Quel conseil donnez-vous à une personne qui souhaite se lancer dans ce métier ?
Je lui dis de le faire ! Quand on est passionné, il faut se lancer. Si elle se passionne pour l’astronomie, la planétologie, la recherche spatiale, elle peut se diriger vers des études d’ingénieur ou de scientifique. Je conseillerai plus la physique que les mathématiques, même si ma formation de mathématicienne m’a été très utile, notamment pour la modélisation. La physique ouvre de belles portes dans ce domaine. Si la personne n’a pas la fibre purement scientifique, il existe d’autres métiers spatiaux, notamment dans le domaine technique/technologique. Il existe un site Web très intéressant, mis en place par l’ancienne sénatrice Dominique Tilmans, qui liste les nombreux métiers en rapport avec l’espace : http://www.youspace.be. Elle a réalisé que, dans ce secteur, la pyramide des âges est inversée : il y a peu de jeunes et beaucoup de personnes qui devront être remplacées d’ici dix à vingt ans. Cela ouvre de belles opportunités pour les prochaines générations, il y aura des pénuries aussi bien dans les fonctions scientifiques, d’ingénierie, techniques, de management, etc. Cette plateforme propose aussi du "mentoring", des échanges/mises en contact entre les personnes intéressées par le spatial et les industriels et le monde académique touchant au spatial. Elle organise au sein des universités une journée "métiers" pour favoriser ces rencontres et susciter des vocations.
Comment envisagez-vous votre avenir professionnel ?

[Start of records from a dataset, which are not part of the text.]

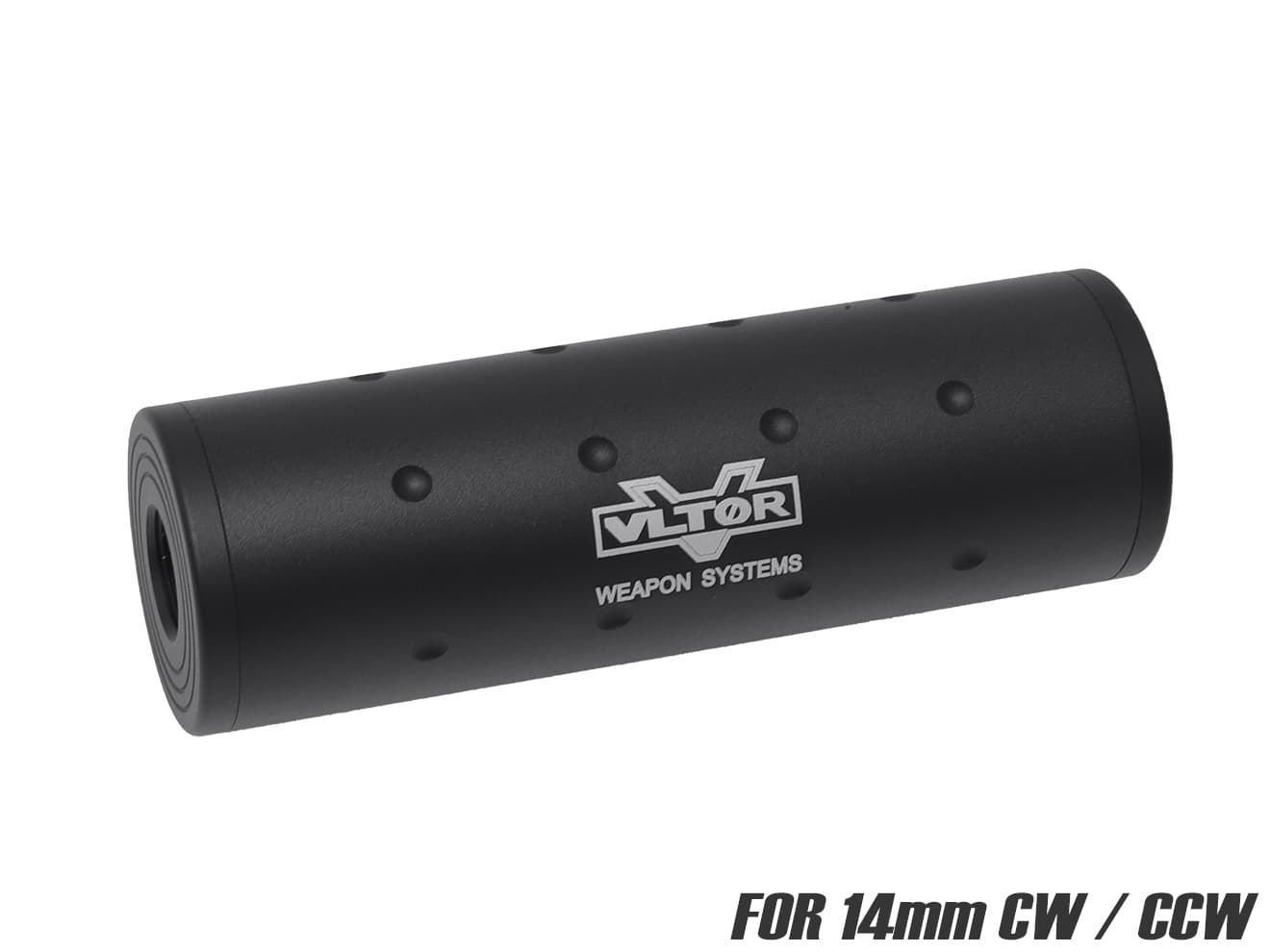 MILITARY-BASE 108mm ショートサイレンサー 14mm正 / 逆ネジ対応 [マーキング：NOVESKE / VLTOR / USAF / SF]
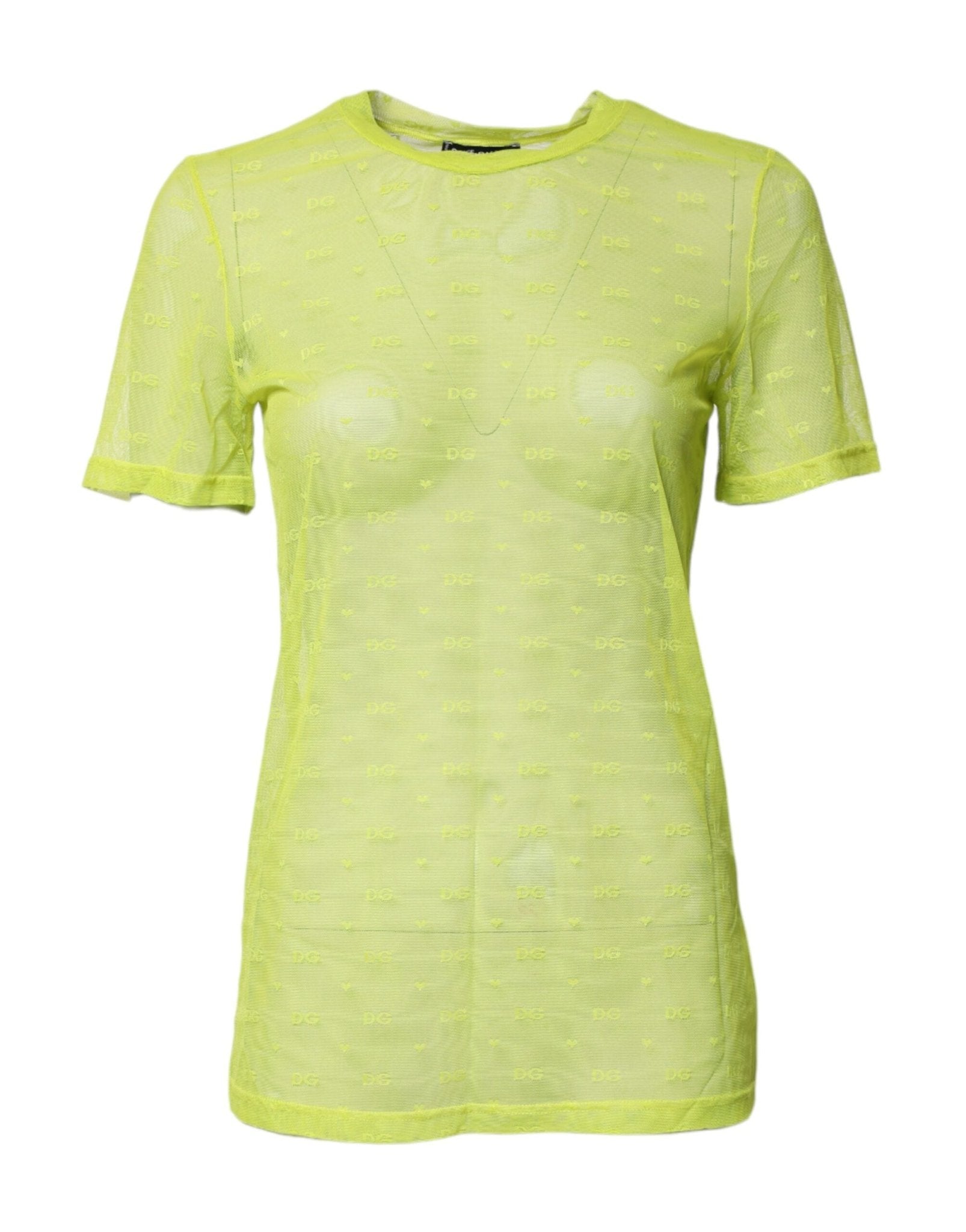 Dolce & Gabbana Green Nylon See Through Women Short Sleeves Top – IT2 | S par Dolce & Gabbana | Disponible sur Sandy Store ByNet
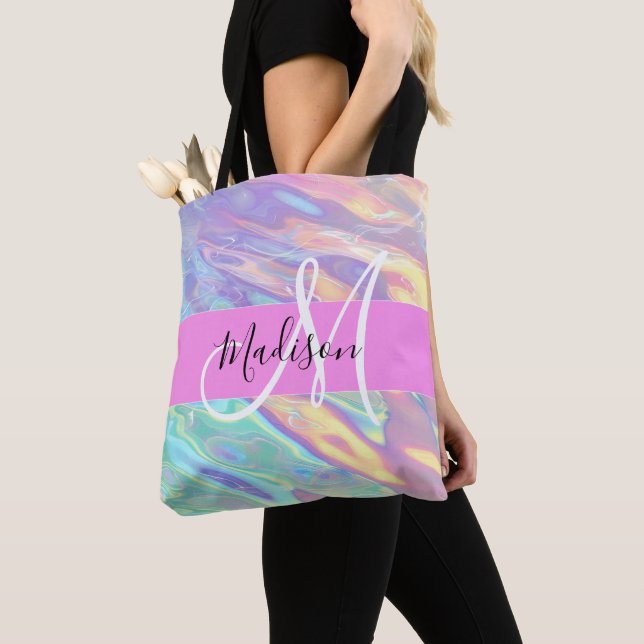Girly Pink Holographic Iridescent Monogram Name Tote Bag (Close Up)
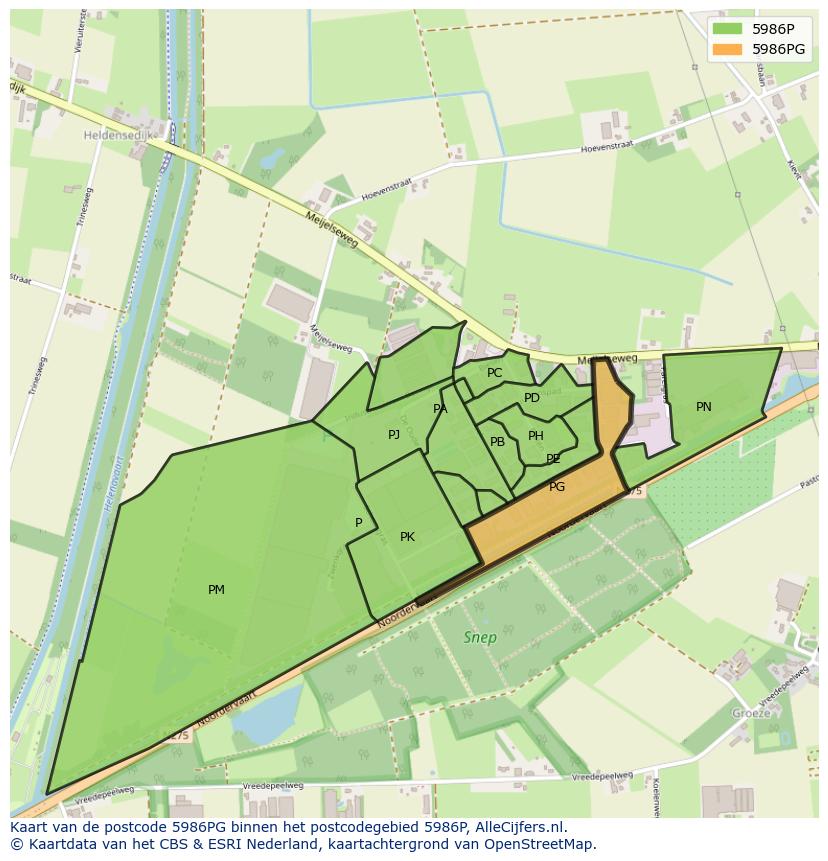 Afbeelding van het postcodegebied 5986 PG op de kaart.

Mon avenir consiste à déposer un instrument à la surface de Mars. Après sept à huit mois de vol, l’engin se posera sur la surface et nous pourrons commencer à exploiter les données qui seront collectées. Il y aura d’autres missions spatiales que nous sommes en train de préparer, notamment la mission "Jupiter Icy Moon Explorer" vers les lunes du système solaire, principalement les lunes de Jupiter. Elles sont couvertes de glace et, en dessous, il y a des océans internes qui pourraient éventuellement habiter des formes de vie. L’objectif est d’étudier ces lunes et de comprendre si elles sont habitables, tout comme nous le faisons pour Mars. Pour le volet rotation de la Terre, je suis en train de mettre au point une équipe, pour laquelle j’ai obtenu une bourse ERC (Conseil européen de la recherche) de l’Union européenne. Cette équipe étudiera notamment l’interaction entre les ondes inertielles et la rotation pour expliquer les variations d’orientation de la Terre telles qu’on les observe. Il reste des questions en suspens dans ce domaine, les modèles n’expliquent pas tout. Mon intuition est que la réponse réside dans le noyau. Avec mon équipe de cinq chercheurs, nous allons essayer d’y répondre durant les quatre prochaines années. J’espère enfin que les instituts fédéraux tels que l’Observatoire royal de Belgique ne perdront pas leurs financements et continueront à être soutenus à l’avenir, sans quoi la recherche et les services ne pourront pas être développés comme on le souhaiterait. Je pense que ce que nous faisons mérite d’être maintenu dans un pays comme le nôtre.
Le mot de la fin ?
En conclusion, je dirai que l’industrie, la recherche et le monde académique/l’enseignement sont complémentaires, nécessaires et importants pour le développement d’une société et de ses jeunes. En tant que membre d’un institut fédéral, j’espère pouvoir mettre en rapport ces trois piliers de développement.